E perguntará o leitor, e com toda a razão, o que é tudo isto tem a ver com o projecto SWOP, e o que é, afinal, este?

Ora, os vinhos apresentados à degustação no jantar realizado após a tertúlia do Professor Virgílio Loureiro, são do cardápio SWOP, bebidas estas que se encontram à venda na néscia loja "Vinhos & Segredos", à Rua das Maravilhas, e o reputado enólogo, desde a primeira hora, apadrinhou o projeto.

SWOP é o acrónimo de Secret Wines Of Portugal, o qual tem por principal objetivo desvendar e comercializar os segredos mais bem guardados do vinho português. Vinhos concebidos por pequenos produtores portugueses, incluindo madeirenses, exclusivamente de casta nacional, e oriundos de algumas das mais carismáticas regiões vitícolas do país. Vinhos de edição limitada que, pela menor produção, permaneceram fora dos circuitos das grandes superfícies e que, por isso, foram capazes de manter-se autênticos.

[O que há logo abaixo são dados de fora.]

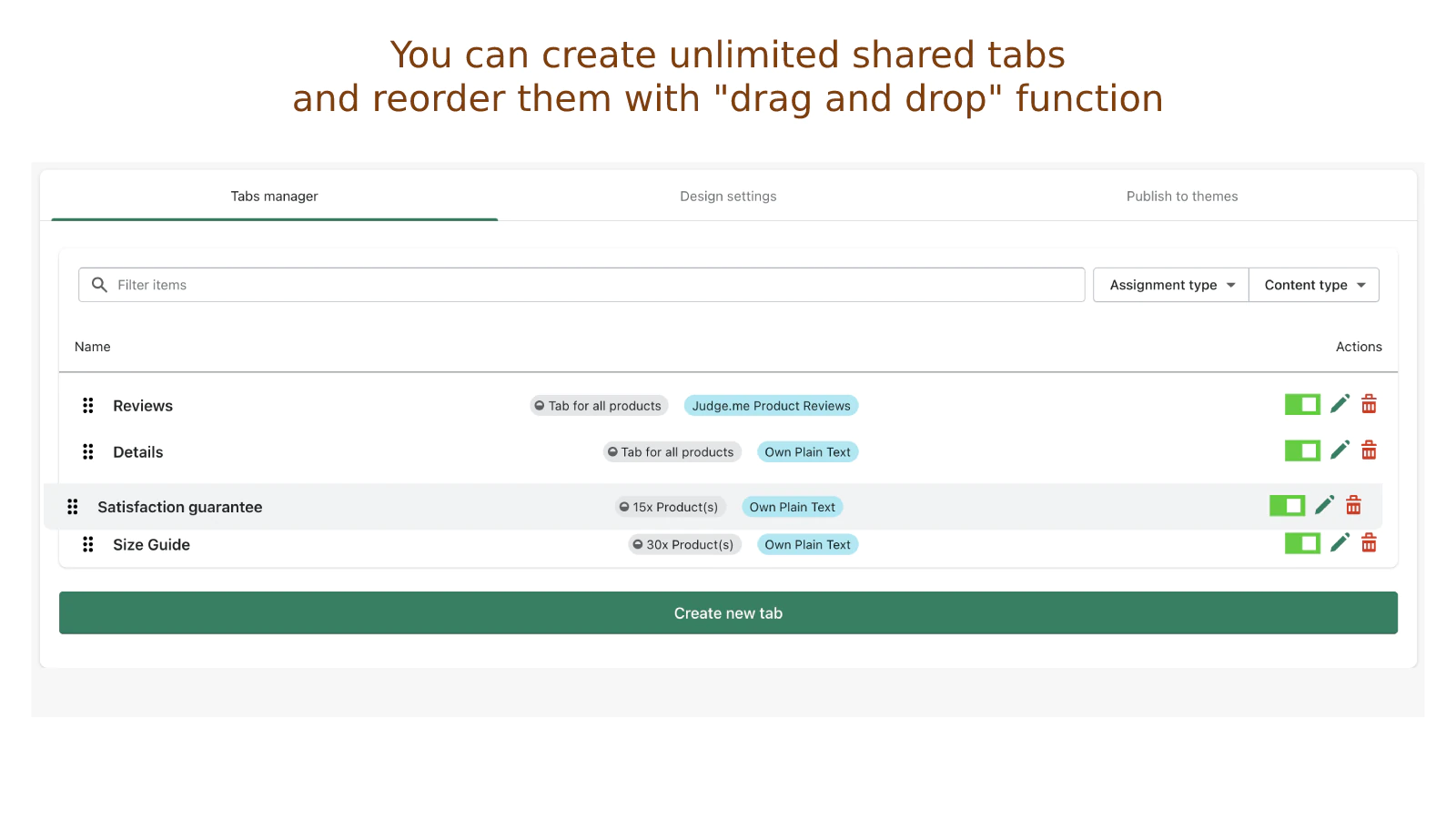 PRO Tabs ‑ Products Tabs Maker Shopify App | Reviews [Jun 2026]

A intenção do SWOP é reconhecer o valor e preservar a identidade única deste património, ao nível da tradição local e familiar, da viticultura sustentável, que respeita o ambiente, e da enologia minimalista, que salvaguarda a origem geográfica e as idiossincrasias dos vinhos.

Os mentores do SWOP pretendem, assim, evidenciar o caráter humano diferenciador na produção de vinhos e contribuir para que estes não percam a sua "personalidade" conforme as modas do mercado e que, no respeito pelas velhas práticas, se assegure mais emprego e melhores rendimentos para as populações locais.

A "Vinhos & Segredos", no Funchal, é a primeira loja SWOP a abrir no país.